Running a Cypher Query to add a property to all existing relationships

1,852 views
Skip to first unread message

Henry Hwangbo

unread,
Jul 12, 2013, 8:06:31 AM7/12/13
to ne...@googlegroups.com
Hi All -

I've been attempting to run a cypher query against an existing graph to add a new property to all relationships.  I'm not having any success:
START link = rel(*) 
WHERE NOT(HAS(link.group_list)) 
SET link.group_list = ['1']

Some graph numbers:
1.2M nodes
7.5M properties
3.7M relationships

Here's the error from the console.log:

Used these sizing suggestions from a prior post: https://groups.google.com/forum/#!topic/neo4j/Pz-zVegxwNk

I'm wondering if I should just run it directly in a neo4j-shell instead of the rest interface.  I had it running as a job, but the HTTPclient actually timed although it was still running on the neo4j server when I went to bed.

Any suggestions would be appreciated on how to best get this property added.

Thanks so much,
Henry

Michael Hunger

unread,
Jul 12, 2013, 8:21:53 AM7/12/13
to ne...@googlegroups.com
I think you're running out of memory for the transaction size, try to page your data:

START link = rel(*) 
WHERE NOT(HAS(link.group_list)) 
    WITH link
    LIMIT 100000
SET link.group_list = ['1']

run this query 37 times from a script

What does group_list mean and why is it an array?

Michael



--
You received this message because you are subscribed to the Google Groups "Neo4j" group.
To unsubscribe from this group and stop receiving emails from it, send an email to neo4j+un...@googlegroups.com.
For more options, visit https://groups.google.com/groups/opt_out.
 
 

Henry Hwangbo

unread,
Jul 12, 2013, 8:40:09 AM7/12/13
to ne...@googlegroups.com

Ah thanks - I'll give it a shot.

I'm making the graph multi-tenant and using group_list to let reads only pull relationships for a specific user group.  Relationships can be shared across groups.  Does that make sense?

Henry Hwangbo

unread,
Jul 12, 2013, 8:41:45 AM7/12/13
to ne...@googlegroups.com
One more thing - it looks like my neo4j instance won't restart due to out of memory error now.  Not sure how that happened, but might be related to the settings I added to neo4j.properties from the other thread:



On Friday, July 12, 2013 7:21:53 AM UTC-5, Michael Hunger wrote:

Michael Hunger

unread,
Jul 12, 2013, 8:48:11 AM7/12/13
to ne...@googlegroups.com
Make sure that your total heap is twice as large as the configured MMIO. So that you have comfortable 4-8 G for the database besides the fixed mmio file mapping.

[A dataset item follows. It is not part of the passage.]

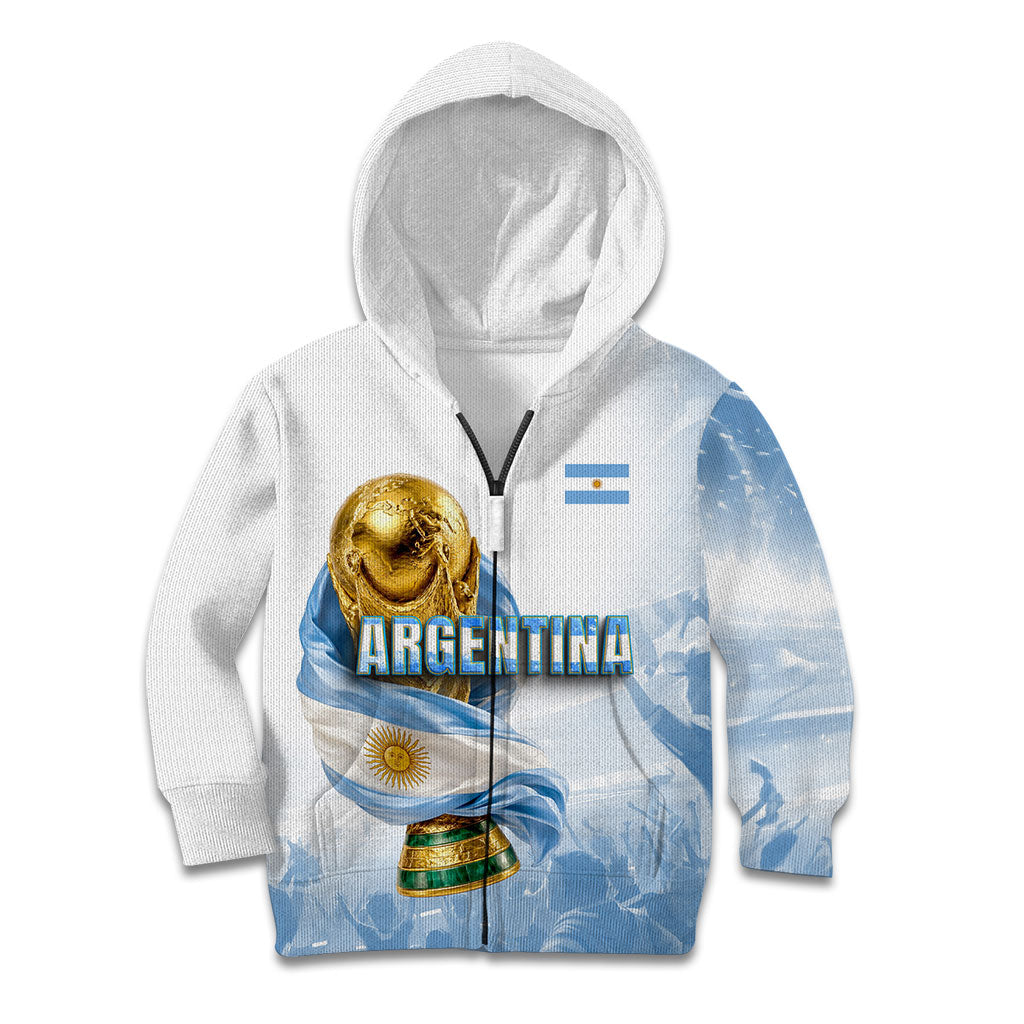 Personalized Argentina Football Champion Trophy Kid Hoodie Flag Soccer Fan Graphic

On windows the memory-mapped-files space is kept within the heap.

Michael

henry74

unread,
Jul 12, 2013, 8:52:13 AM7/12/13
to ne...@googlegroups.com
I'll continue this on the other thread to keep these topics separate.


--
You received this message because you are subscribed to a topic in the Google Groups "Neo4j" group.
To unsubscribe from this topic, visit https://groups.google.com/d/topic/neo4j/J0smooDdVTY/unsubscribe.
To unsubscribe from this group and all its topics, send an email to neo4j+un...@googlegroups.com.

Henry Hwangbo

unread,
Jul 15, 2013, 10:27:57 PM7/15/13
to ne...@googlegroups.com
So Michael - this helped me quickly add the group_list property to all relationships but now I'm wondering if that was property was indexed...I'm guessing it wasn't.  If not, how can I quickly get an index added for all the group_list properties on the relationships?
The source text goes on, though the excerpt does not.